#### [INSTRUCTIONS FOR THE TASK]
Start with the line that holds "Stecher 2 prize 12V, 6872 Automax". Please copy it and each remaining line below exactly, leaving pictures out.

#### [INPUT MATERIAL]
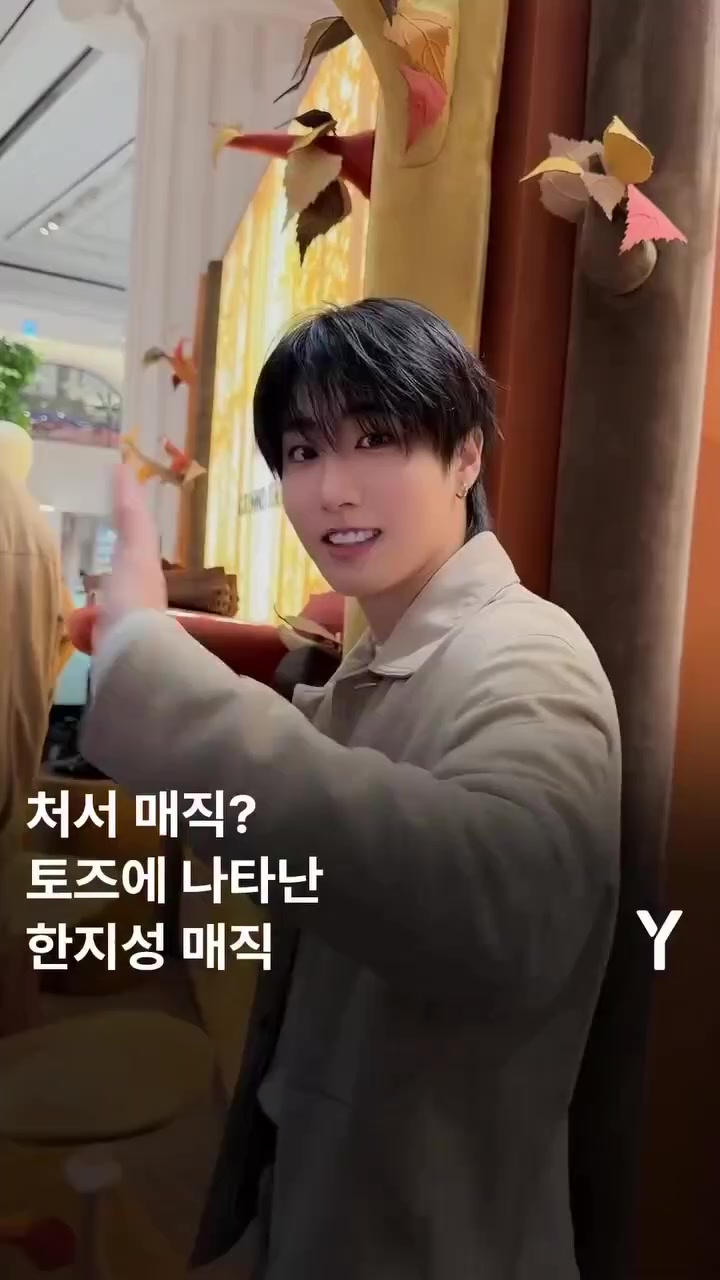 @🌸Fan.acaunt.Stray.Kids.🌸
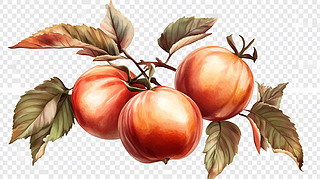Lʯ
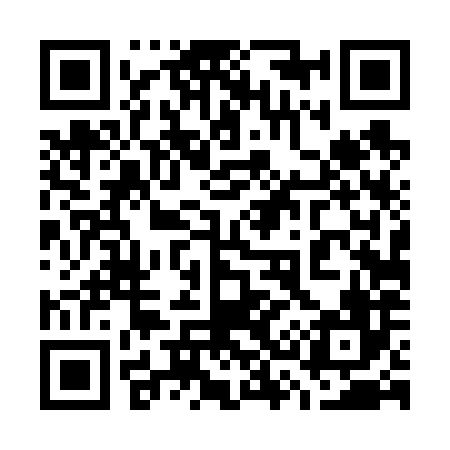 QR code for 734686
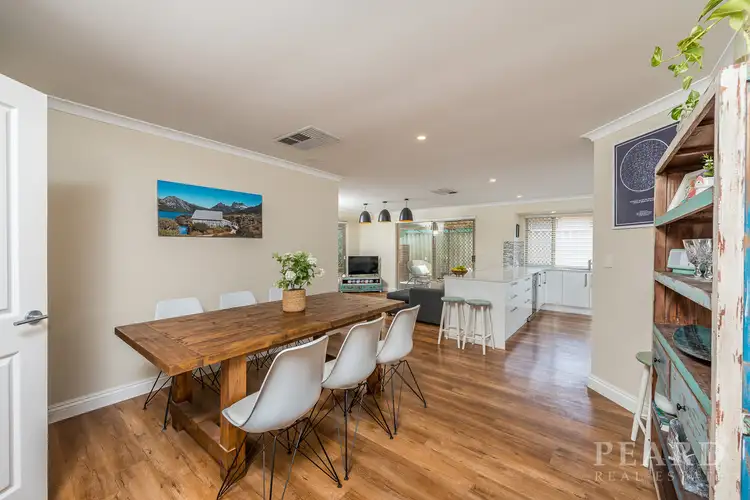 Main view of Homely house listing, 4 Renfrew Gardens, Kinross WA 6028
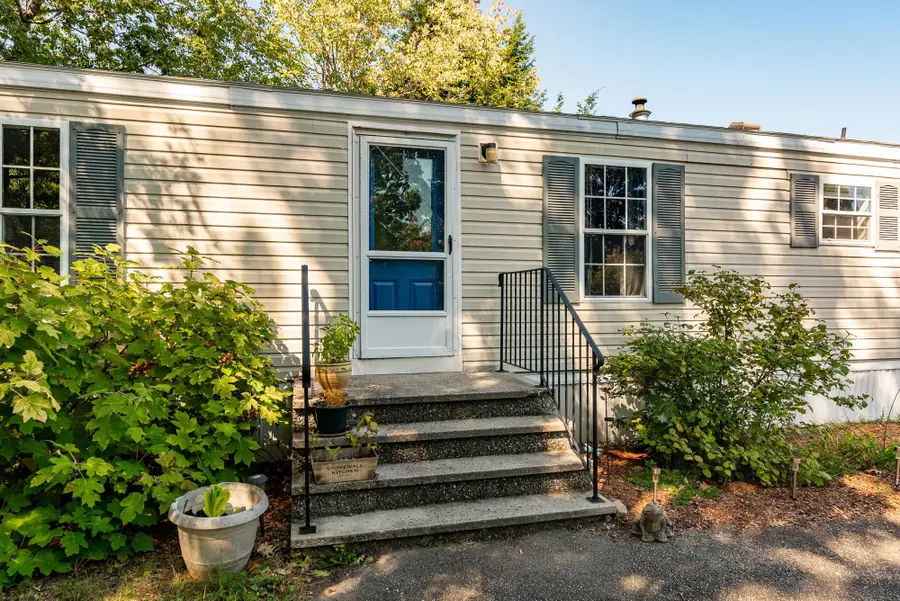 6 Easter Lane, Rochester, NH 03867 - #2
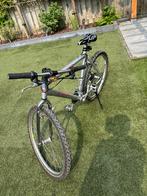 26 inch Mountainbike, Fietsen en Brommers, Ophalen, Gebruikt, Overige merken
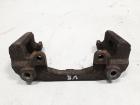 Chrysler Sebring 2 JR original Bremssattelträger vorn rechts 2,7V6 149KW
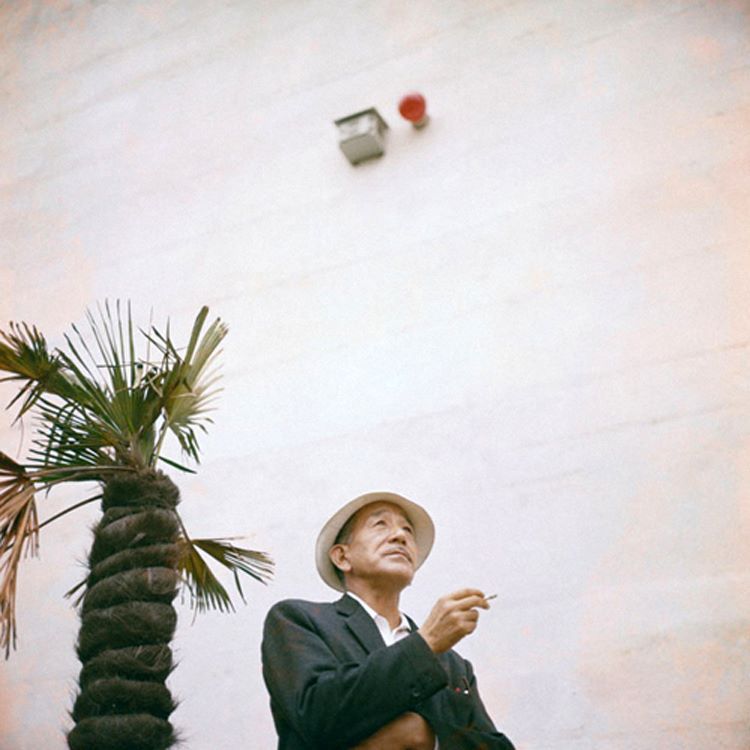 DepressedBergman tweet media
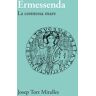 Ermessenda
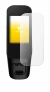 Image of the device Xiaomi Electric Scooter 6 Max with a wide variety of screen protectors.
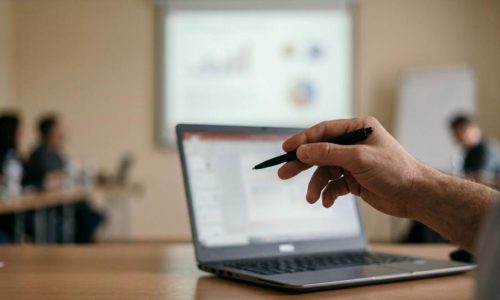microsoft 365 apps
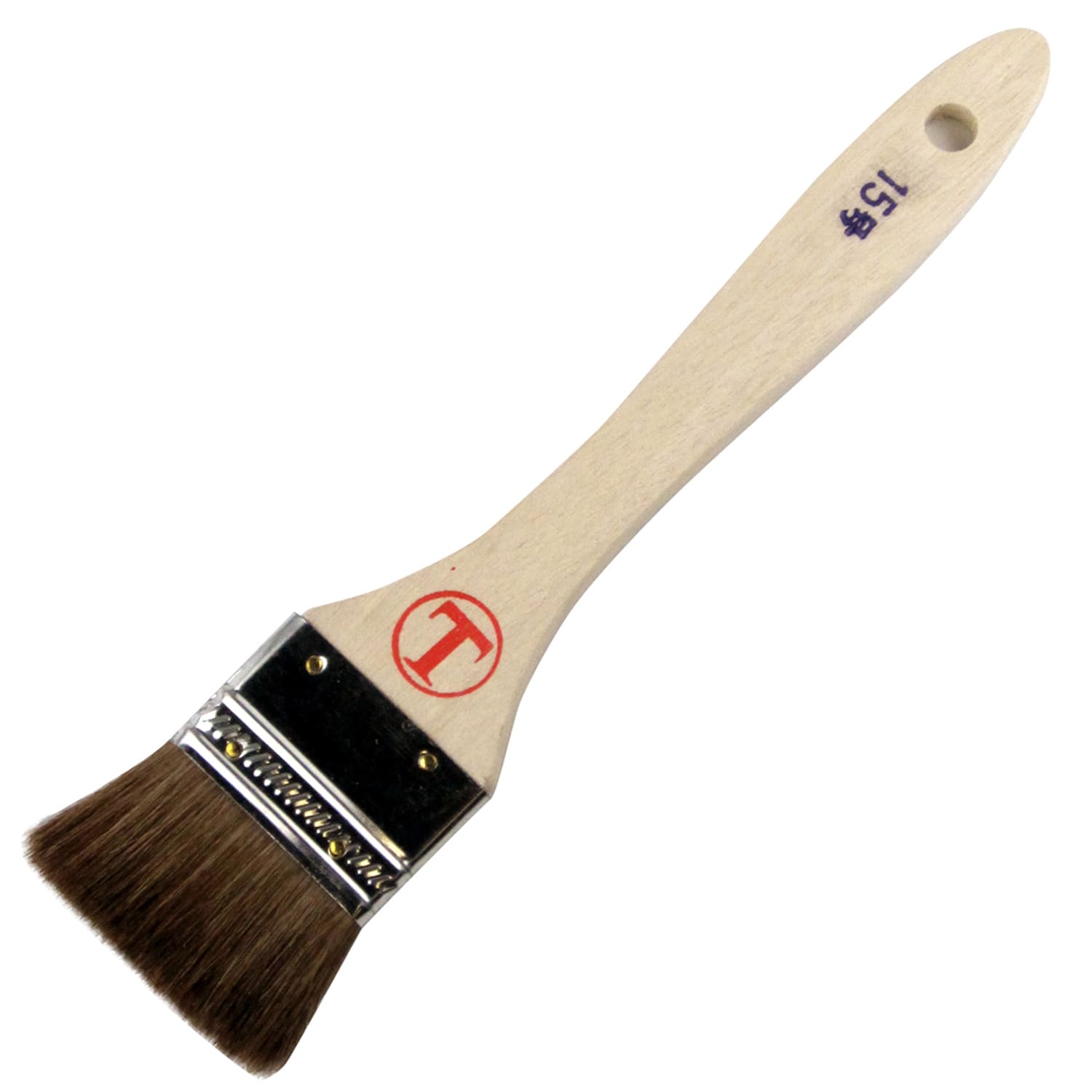 nP El v<br>ˍ V}    15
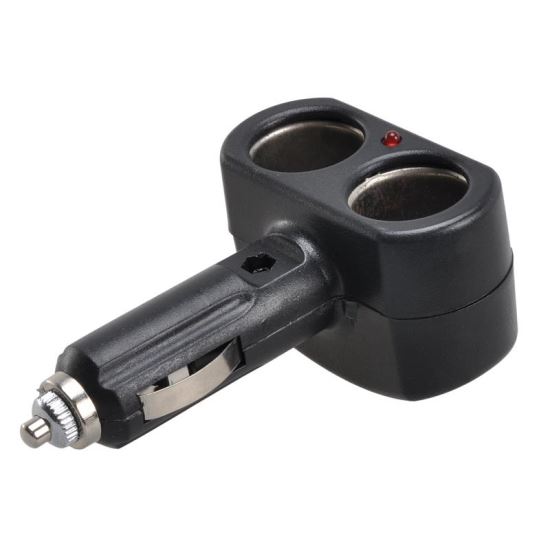 Stecher 2 prize 12V, 6872 Automax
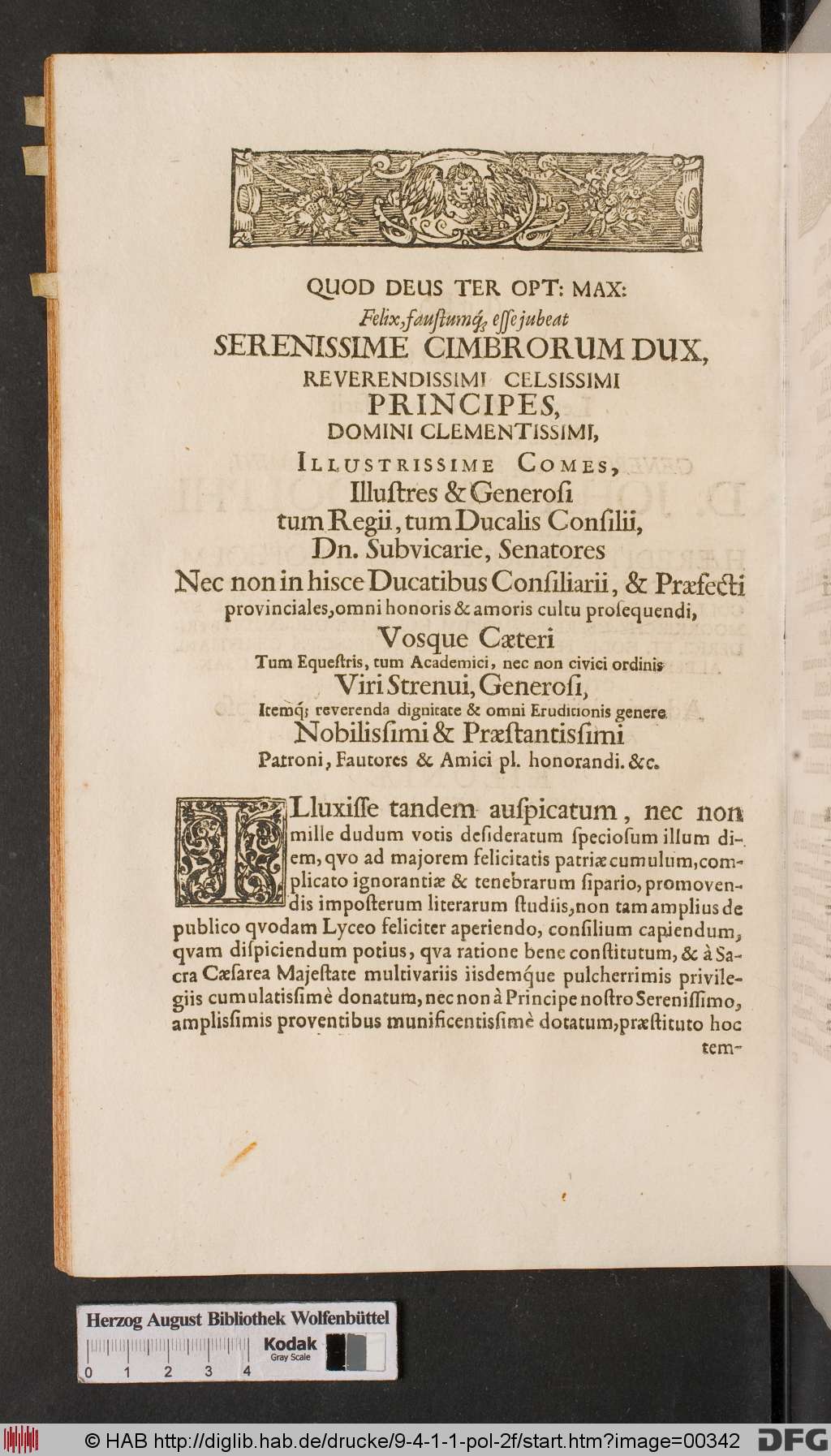 http://diglib.hab.de/drucke/9-4-1-1-pol-2f/00342.jpg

#### [SOLUTION BELOW]
 Stecher 2 prize 12V, 6872 Automax
 http://diglib.hab.de/drucke/9-4-1-1-pol-2f/00342.jpg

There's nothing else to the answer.